Exercise prompt: All the lines below should appear again unchanged, though their pictures should not.

<<<<

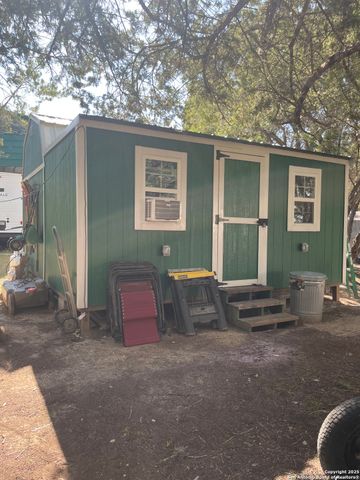 342 Park, Bandera, TX 78003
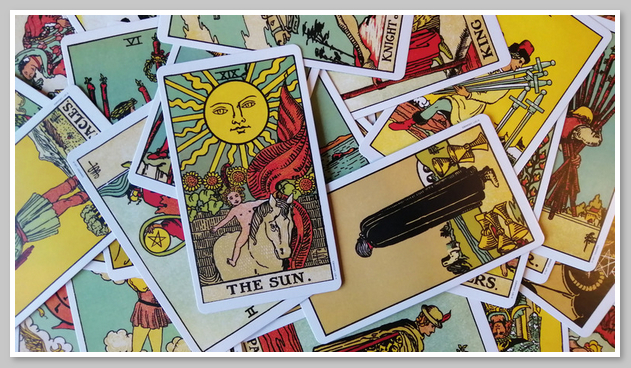 Lá bài Tarot The Sun là biểu tượng của sự tích cực, niềm vui và thành công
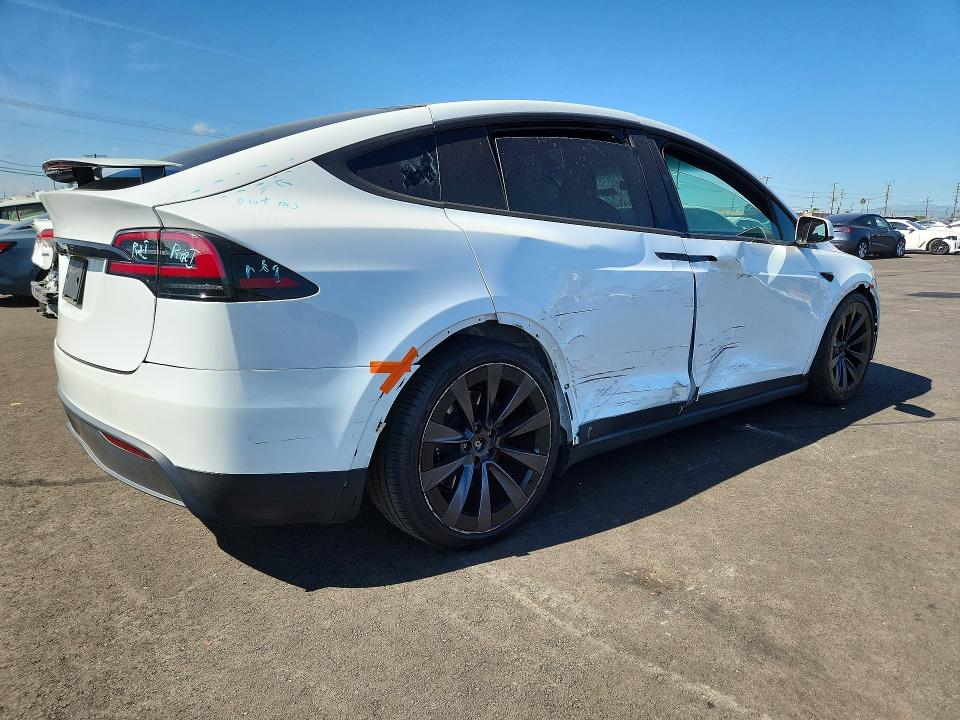 Продаж на аукціоні авто 2023 Tesla Model X, vin: 7SAXCBE5XPF385023, номер лоту: 78478915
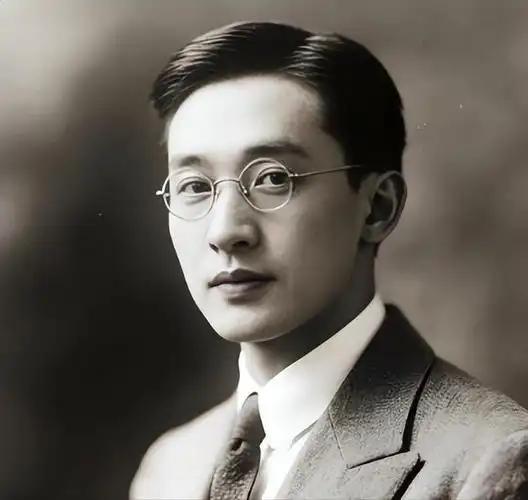 一位情感专家说：“追女人一定要快，喜欢就直接加好友，加了好友就聊，聊上了就暧昧，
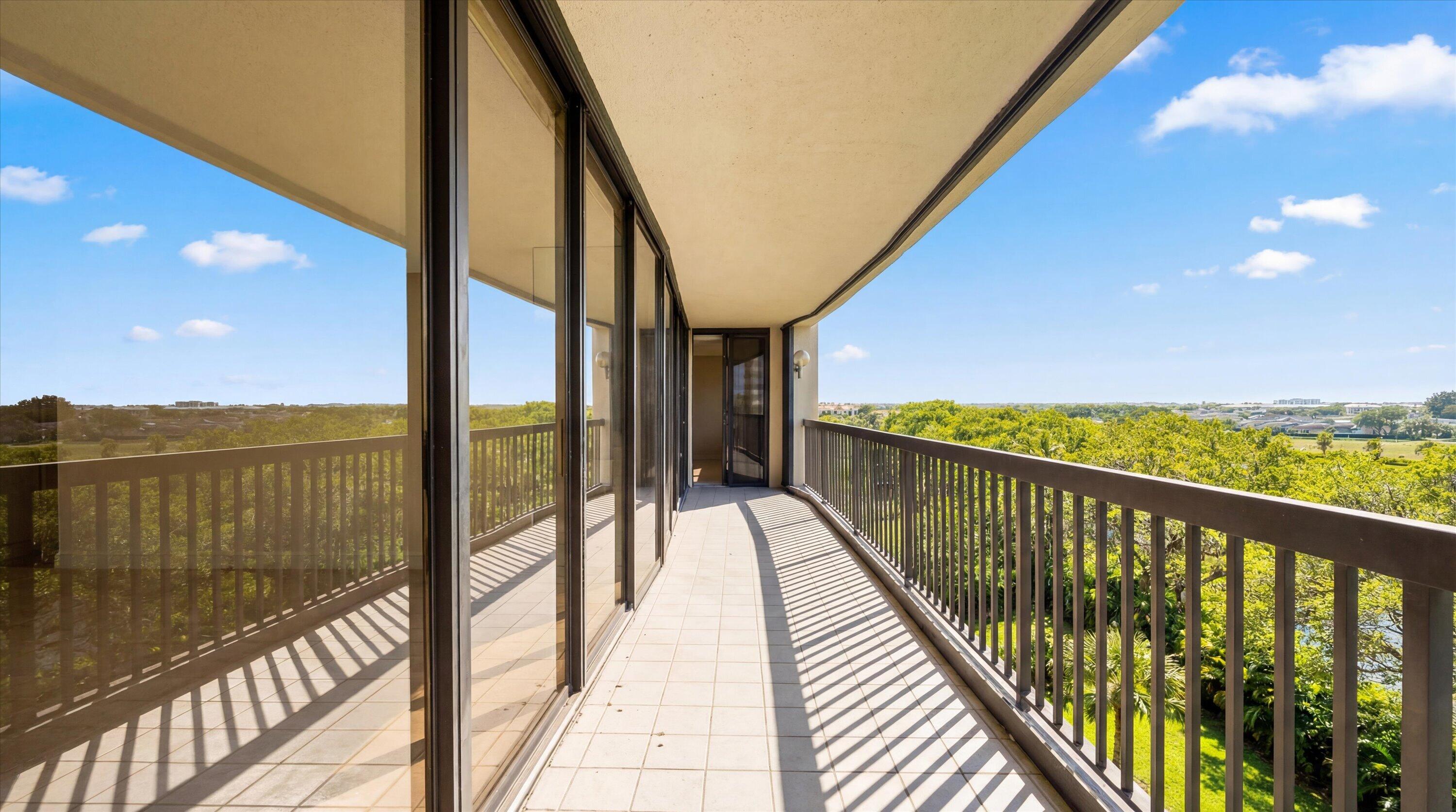 ENVOY COND DECL FILED 12-19-83 IN - Residential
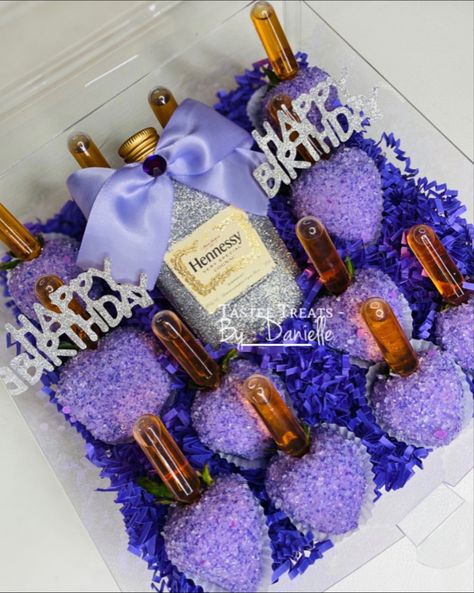 21st Bday Chocolate Covered Strawberries, Strawberry Box Ideas, Alcohol Bottle Decorations, Strawberry Box, Chocolate Covered Strawberry Recipe, Chocolate Covered Strawberries Bouquet, Strawberry Gifts, Chocolate Covered Fruit, Birthday Goals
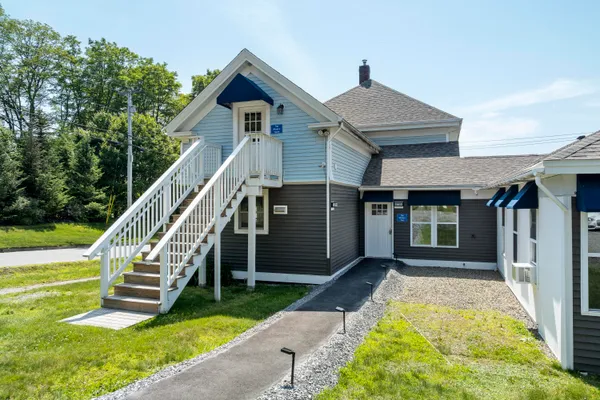 $895,000 | 8 Country Club Road, Boothbay, ME 04537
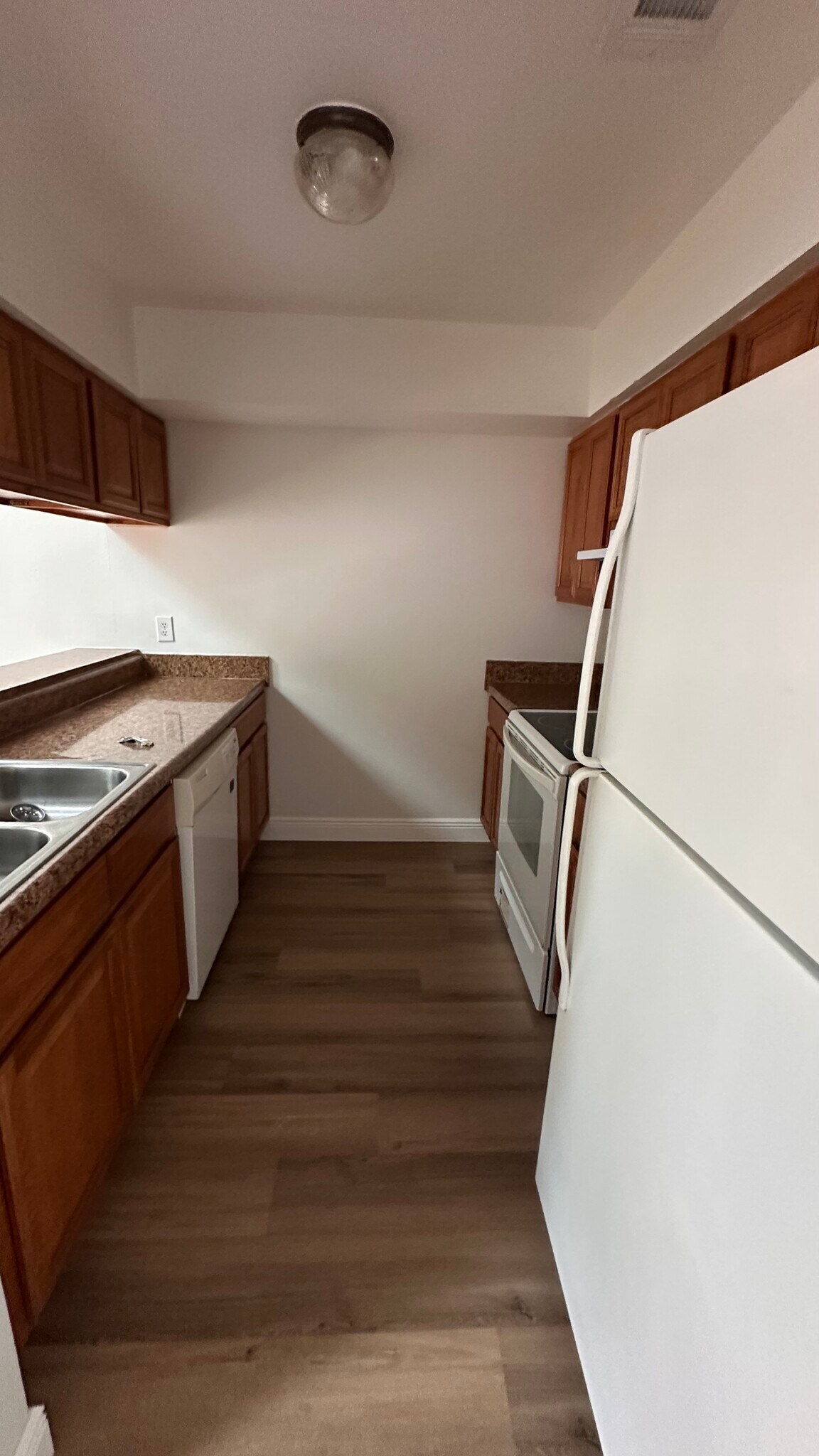 Building Photo - 2719 Hunt Club Ln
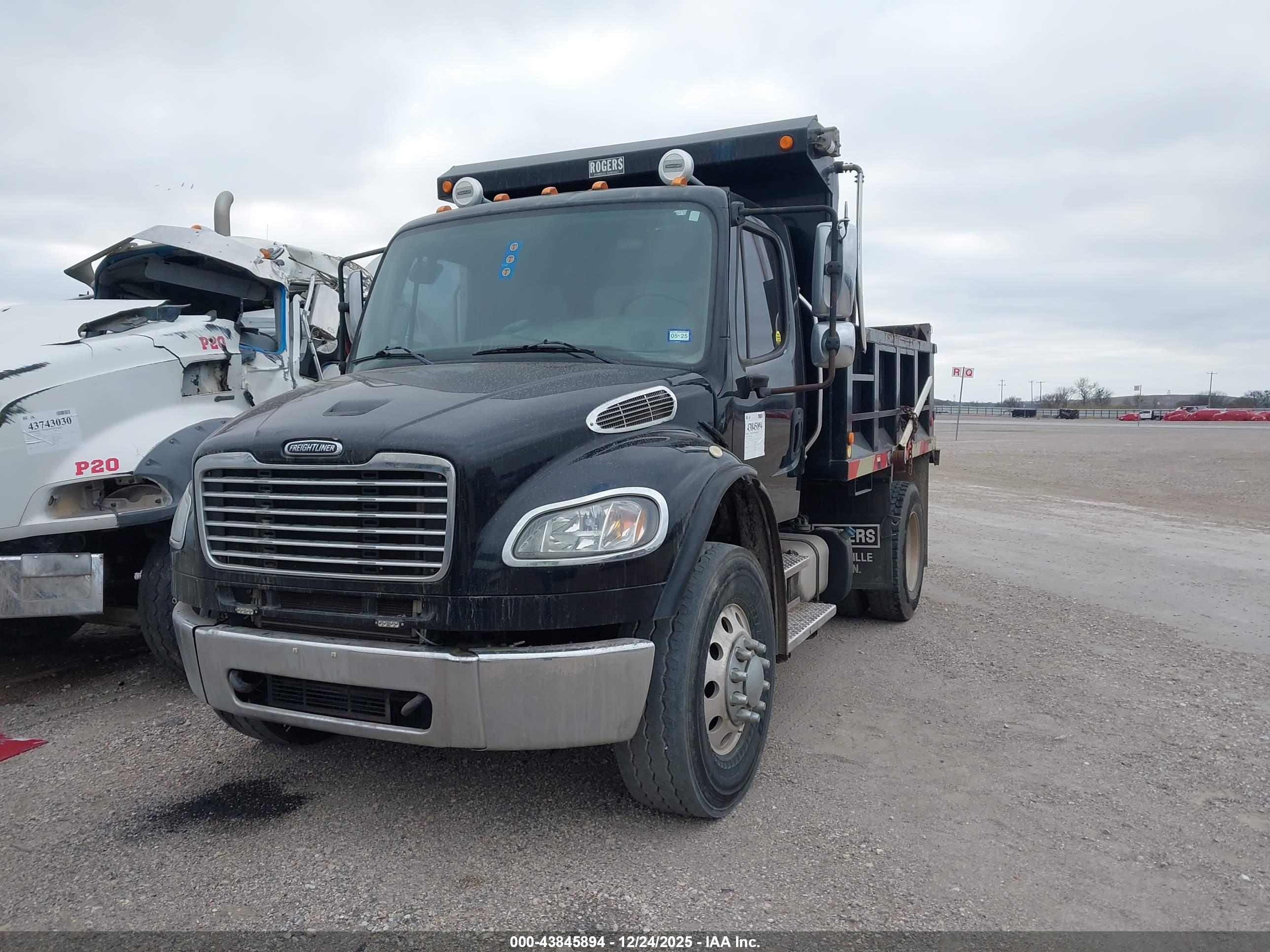 FREIGHTLINER M2 image 2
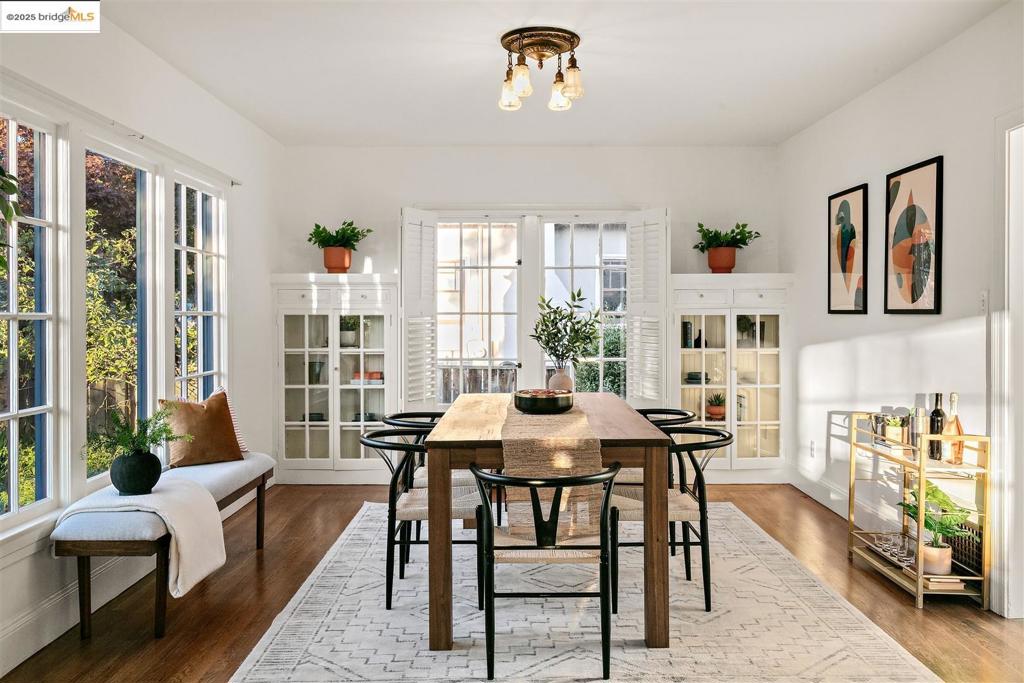 THOUSAND OAKS - Residential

>>>>

Solution to the problem:
 342 Park, Bandera, TX 78003
 Lá bài Tarot The Sun là biểu tượng của sự tích cực, niềm vui và thành công
 Продаж на аукціоні авто 2023 Tesla Model X, vin: 7SAXCBE5XPF385023, номер лоту: 78478915
 一位情感专家说：“追女人一定要快，喜欢就直接加好友，加了好友就聊，聊上了就暧昧，
 ENVOY COND DECL FILED 12-19-83 IN - Residential
 21st Bday Chocolate Covered Strawberries, Strawberry Box Ideas, Alcohol Bottle Decorations, Strawberry Box, Chocolate Covered Strawberry Recipe, Chocolate Covered Strawberries Bouquet, Strawberry Gifts, Chocolate Covered Fruit, Birthday Goals
 $895,000 | 8 Country Club Road, Boothbay, ME 04537
 Building Photo - 2719 Hunt Club Ln
 FREIGHTLINER M2 image 2
 THOUSAND OAKS - Residential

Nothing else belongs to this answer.